FAR FROM YOU by Tess Sharpe was a strong debut with an original voice. A car accident leaves Sophie limping and addicted to painkillers, but she won't let her disabilities stop her from finding the murderer of her best friend. It was well written but not easy to read. Teens would love the edgy content. I like this book even better now, months later, on reflection.


BROWN GIRL DREAMING is a powerful memoir in verse by children's author Jacqueline Woodson. Readers of all ages will appreciate her personal reflections on the legacy of discrimination and on the joy of writing. It won the National Book Award for Juvenile Literature.

Reviewer's Disclosure: Lily King's daughters go to school with my daughter and Beth Kephart is a blog buddy, but they did not ask me to review their books. I received free review galleys of Going Over and Far From You from the publishers. The other books I purchased at independent bookstores.

Promising 2014 novels in my To Be Read stack:

All The Light We Cannot See by Anthony Doerr (the historical novel topping most best books lists)

Whiskey Tango Foxtrot by David Shafer (satirical fiction)

The Remedy for Love by Bill Roorbach (contemporary fiction by a Maine author)

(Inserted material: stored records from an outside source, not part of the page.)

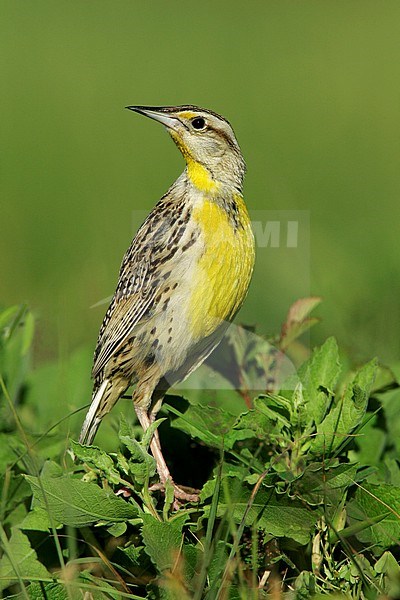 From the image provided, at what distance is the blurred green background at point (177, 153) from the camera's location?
152 inches

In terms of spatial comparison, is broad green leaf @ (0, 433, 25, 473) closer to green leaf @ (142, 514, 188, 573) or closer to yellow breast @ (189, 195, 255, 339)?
yellow breast @ (189, 195, 255, 339)

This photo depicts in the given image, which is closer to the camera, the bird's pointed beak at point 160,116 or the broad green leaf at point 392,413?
the bird's pointed beak at point 160,116

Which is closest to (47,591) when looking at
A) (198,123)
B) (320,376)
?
(320,376)

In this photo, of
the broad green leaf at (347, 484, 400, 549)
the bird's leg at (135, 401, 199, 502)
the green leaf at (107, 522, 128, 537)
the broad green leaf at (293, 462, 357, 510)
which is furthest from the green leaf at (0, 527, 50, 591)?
the broad green leaf at (347, 484, 400, 549)

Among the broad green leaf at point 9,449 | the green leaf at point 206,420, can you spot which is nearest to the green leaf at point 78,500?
the green leaf at point 206,420

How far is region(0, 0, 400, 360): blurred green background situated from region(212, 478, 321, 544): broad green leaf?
995mm

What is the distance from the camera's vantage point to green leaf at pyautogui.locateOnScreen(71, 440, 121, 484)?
245cm

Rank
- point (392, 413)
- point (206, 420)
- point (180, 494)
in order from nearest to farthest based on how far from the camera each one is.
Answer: point (180, 494), point (206, 420), point (392, 413)

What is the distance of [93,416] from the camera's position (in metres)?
2.93

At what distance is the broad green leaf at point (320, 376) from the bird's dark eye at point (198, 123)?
2.31 feet

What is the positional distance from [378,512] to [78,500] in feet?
2.42

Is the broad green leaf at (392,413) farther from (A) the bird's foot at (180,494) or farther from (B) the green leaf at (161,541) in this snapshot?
(B) the green leaf at (161,541)

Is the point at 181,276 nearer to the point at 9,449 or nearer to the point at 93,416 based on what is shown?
the point at 93,416

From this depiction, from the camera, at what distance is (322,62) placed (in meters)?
5.42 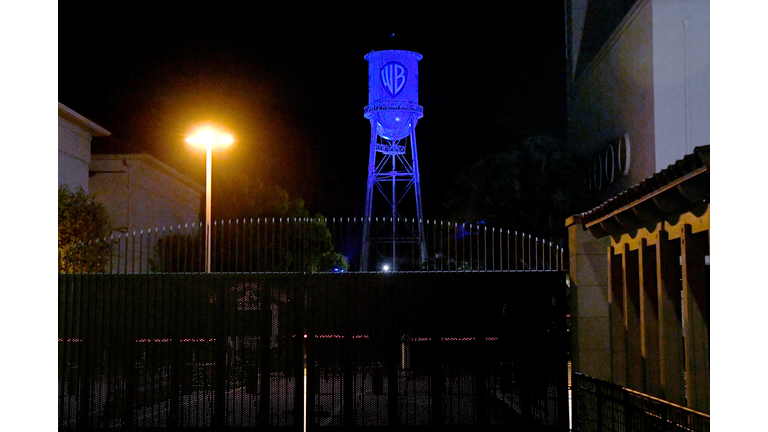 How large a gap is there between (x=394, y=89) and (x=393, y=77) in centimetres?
39

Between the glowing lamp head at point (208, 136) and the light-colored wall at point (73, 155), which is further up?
the light-colored wall at point (73, 155)

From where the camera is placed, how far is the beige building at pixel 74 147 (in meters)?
23.4

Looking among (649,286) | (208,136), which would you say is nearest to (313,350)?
(649,286)

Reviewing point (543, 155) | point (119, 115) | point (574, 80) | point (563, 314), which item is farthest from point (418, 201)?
point (119, 115)

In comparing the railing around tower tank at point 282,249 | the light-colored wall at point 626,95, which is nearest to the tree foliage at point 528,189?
the light-colored wall at point 626,95

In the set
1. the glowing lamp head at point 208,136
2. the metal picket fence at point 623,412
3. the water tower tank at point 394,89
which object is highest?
the water tower tank at point 394,89

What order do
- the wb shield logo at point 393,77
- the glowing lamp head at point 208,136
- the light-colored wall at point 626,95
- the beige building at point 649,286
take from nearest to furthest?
1. the beige building at point 649,286
2. the glowing lamp head at point 208,136
3. the light-colored wall at point 626,95
4. the wb shield logo at point 393,77

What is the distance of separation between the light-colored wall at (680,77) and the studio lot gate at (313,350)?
447 inches

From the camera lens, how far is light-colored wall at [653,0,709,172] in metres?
19.3

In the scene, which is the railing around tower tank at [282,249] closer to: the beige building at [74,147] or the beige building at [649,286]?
the beige building at [649,286]

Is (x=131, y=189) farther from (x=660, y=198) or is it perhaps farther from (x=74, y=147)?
(x=660, y=198)

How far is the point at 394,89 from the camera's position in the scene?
971 inches

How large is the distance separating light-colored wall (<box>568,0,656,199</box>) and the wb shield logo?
22.4 ft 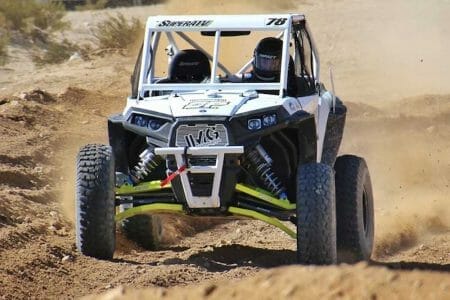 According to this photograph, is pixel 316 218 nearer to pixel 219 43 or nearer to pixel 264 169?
pixel 264 169

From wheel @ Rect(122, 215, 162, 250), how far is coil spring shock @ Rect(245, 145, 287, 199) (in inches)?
68.2

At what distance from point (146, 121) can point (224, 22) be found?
5.34 feet

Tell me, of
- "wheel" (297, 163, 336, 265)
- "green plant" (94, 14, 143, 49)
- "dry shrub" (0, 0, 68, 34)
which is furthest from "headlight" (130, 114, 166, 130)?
"dry shrub" (0, 0, 68, 34)

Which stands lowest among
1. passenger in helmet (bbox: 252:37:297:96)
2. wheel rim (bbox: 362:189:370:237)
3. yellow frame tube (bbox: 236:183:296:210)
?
wheel rim (bbox: 362:189:370:237)

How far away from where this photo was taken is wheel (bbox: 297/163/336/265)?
9.27m

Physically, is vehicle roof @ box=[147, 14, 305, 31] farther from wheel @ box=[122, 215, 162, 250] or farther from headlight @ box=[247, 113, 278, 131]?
wheel @ box=[122, 215, 162, 250]

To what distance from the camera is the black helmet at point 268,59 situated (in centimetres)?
1076

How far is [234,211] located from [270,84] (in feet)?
4.26

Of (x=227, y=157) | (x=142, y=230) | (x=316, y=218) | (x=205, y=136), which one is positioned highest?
(x=205, y=136)

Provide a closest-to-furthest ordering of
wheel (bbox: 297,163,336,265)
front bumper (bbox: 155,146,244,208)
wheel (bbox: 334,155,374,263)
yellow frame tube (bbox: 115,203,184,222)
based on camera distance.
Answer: wheel (bbox: 297,163,336,265) < front bumper (bbox: 155,146,244,208) < yellow frame tube (bbox: 115,203,184,222) < wheel (bbox: 334,155,374,263)

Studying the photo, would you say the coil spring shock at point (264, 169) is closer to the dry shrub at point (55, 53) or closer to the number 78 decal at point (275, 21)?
the number 78 decal at point (275, 21)

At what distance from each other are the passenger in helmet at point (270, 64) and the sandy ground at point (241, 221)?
1.48m

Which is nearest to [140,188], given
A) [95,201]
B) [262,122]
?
[95,201]

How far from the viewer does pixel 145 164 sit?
32.9 ft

I'll Give You the Sun by Jandy Nelson (contemporary YA fiction on many best books lists)

Belzhar by Meg Wolitzer (magical realism/contemporary YA on many best book lists)

A Moment Comes by Jennifer Bradbury (historical YA fiction set in India)

Blind by Rachel DeWoskin (contemporary YA debut)

No Surrender Soldier by Christine Kohler (historical YA fiction set in Guam)


Pamela Terry and Edward said...

I've been wondering about The Bone Clocks. Must check that one out! Happy Holidays, Sarah!

A Cuban In London said...

You know that you have whetted my appetite re David Mitchell. I think I'll give his books a go next year.

Thanks for the link to the story about Cuba. Hightime that our governments kissed and made up! :-)

Greetings from London.

Rose said...

I always look forward to your end-of-the-year reviews, Sarah. Euphoria was one of the novels I intended to read, but forgotten about--I'm going to bookmark this page so I don't forget again! Once the holiday rush is over and I finish the baby quilt I've been working on--new grandson is due any day!--I'll have time to curl up with some good books again.

Amanda Summer said...

I am determined to read Lily King's book after your amazing review some time ago - maybe after the New Year.

troutbirder said...

Fascinating listings. I've got Euphoria and Bone Clocks on my Nook and being a life-long practitioner of "deferred gratification" I've been saving them for our winter vacation in Florida...:)

Petra Pavlátková said...

Thanks for your recommendations, Sarah, I'd definitely choose EUPHORIA by Lily King and hopefully I'll lay my hands on it one day. :)

Merry Christmas to you and your family!

Becky Holmes said...

Thanks for this list. I've been wondering a lot about The Bone Clocks. Glad to hear it was good.